The African American Studies Program was well represented at the 2025 Association for the Study of African American Life and History (ASALH) conference. Dr. JE Young, along with undergraduate students Victoria Peters and Chalisa Budhai, served on the “Black Strategic Mothering and (Re)productive Labor in the Afterlives of Slavery” panel, organized by Dr. Riché J. Daniel Barnes.

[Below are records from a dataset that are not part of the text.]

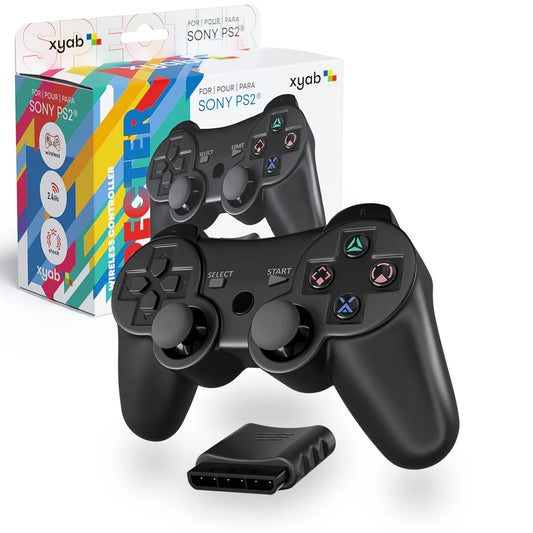 Wireless PS2 controller with receiver and retail packaging for Sony PlayStation 2 accessory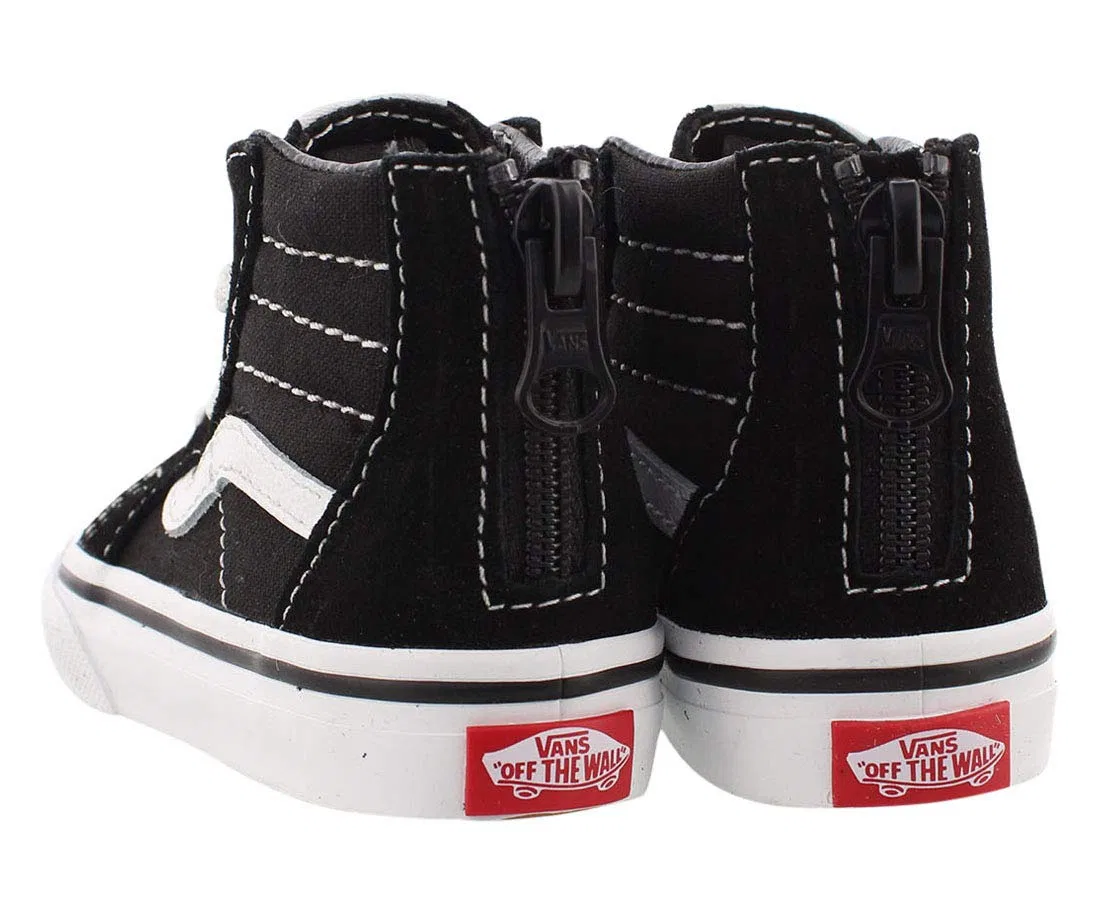 Детские кроссовки для мальчиков с высокой посадкой Sk8-hi Vans, Black/White — фото 4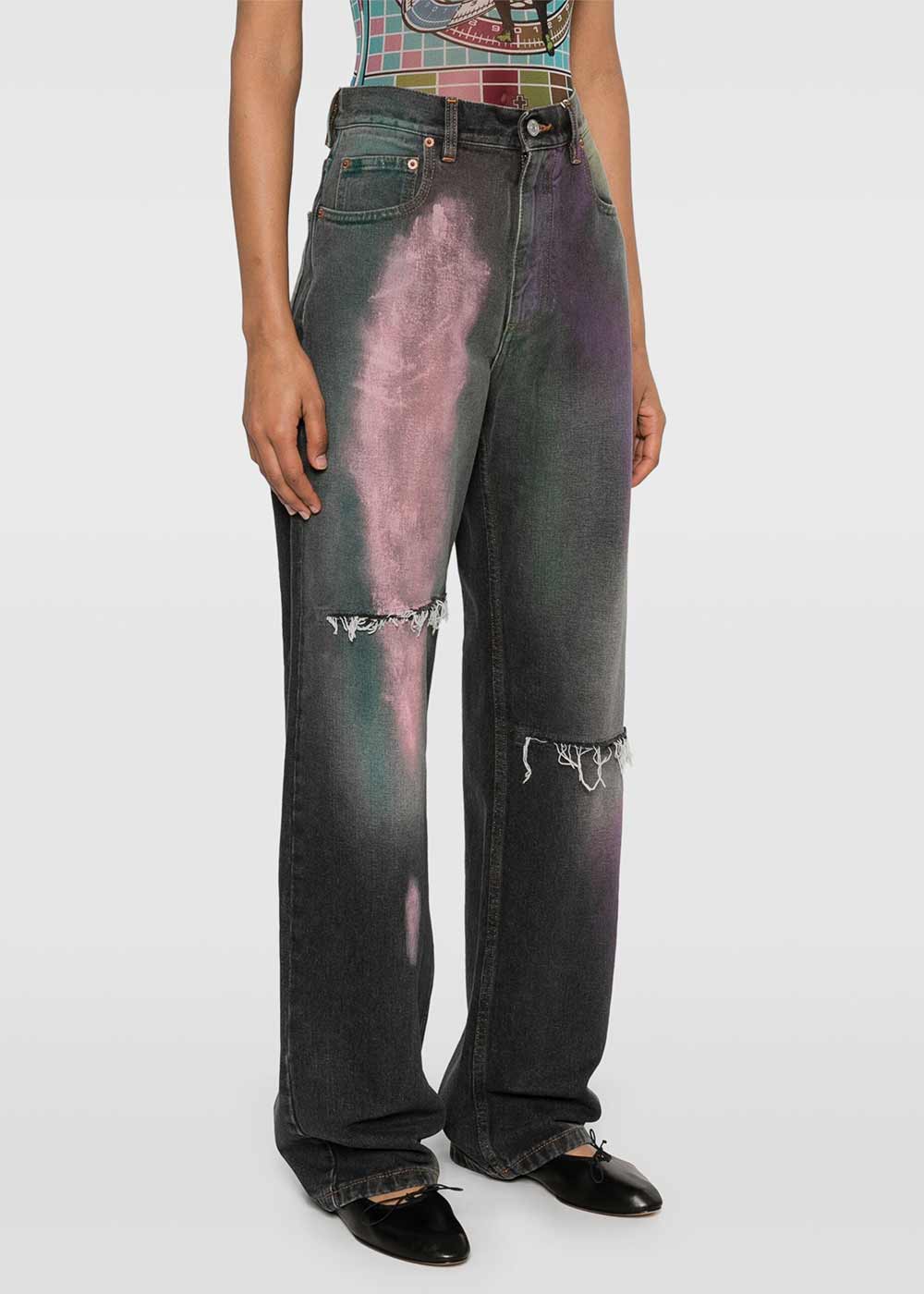 Grey Spray-Paint Effect Jeans Maison margiela – Гарантія оригінальності – детальний вид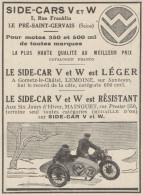 Sidecars V Et W - Pubblicità D'epoca - 1931 Old Advertising - Publicités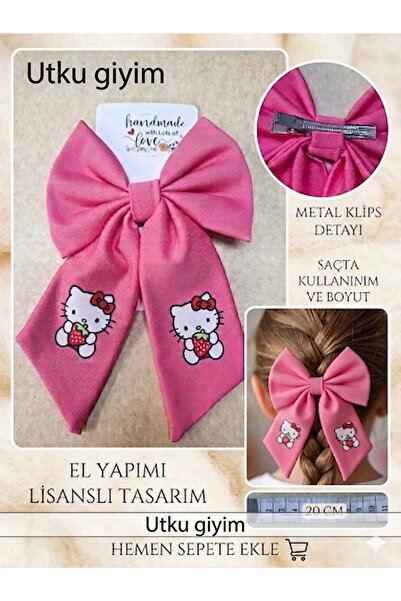 Utku Giyim HELLO KITTY DESENLİ FİYONKLU TOKA /PEMBE RENK / ARKASI KLİPSİ / GÜ...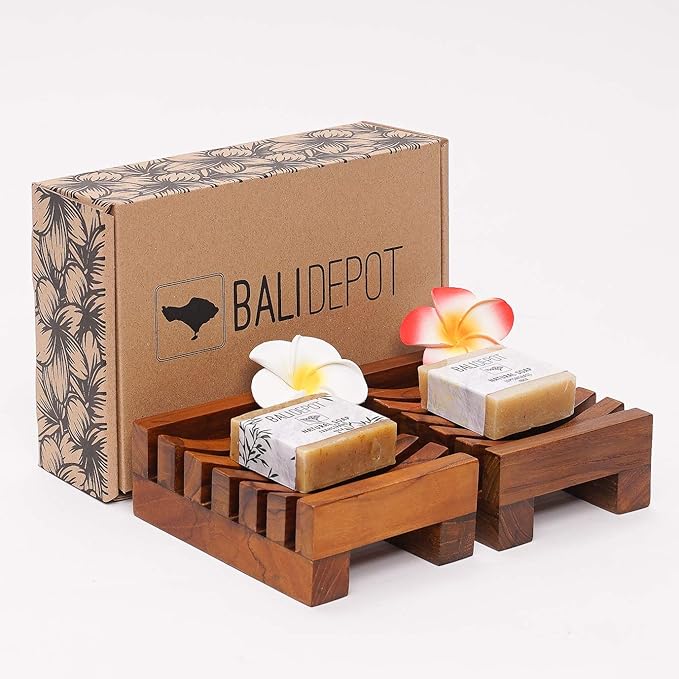 Teak Soap Dish Gift Set - Bundle of 2 Handcrafted Soap Dishes - Handmade in Bali, Stylish, Nontoxic, Recycled, Soap Holder is Perfect for Shower, Bathroom, Kitchen, Tub, and Outdoors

AFAM major Victoria Peters’ presentation, “Interrogating the History of Misogynoir,” interrogates the American history of Misogynoir. The project draws on Kimberlé Crenshaw’s intersectionality, bell hooks in her book Ain’t I a Woman, and Moya Bailey’s Misogynoir to chronicle the long history of discrimination explicitly targeted at Black women in America and how it has informed the lived realities of Black American women today. Additionally, it looks at the “myth” of Sojourner Truth, whose reproduction and labor were marketed to White American perceptions of Black womanhood. This project focuses on Black spirituality and the politics of Black labor, both of which primarily center on the stories and realities of Black women.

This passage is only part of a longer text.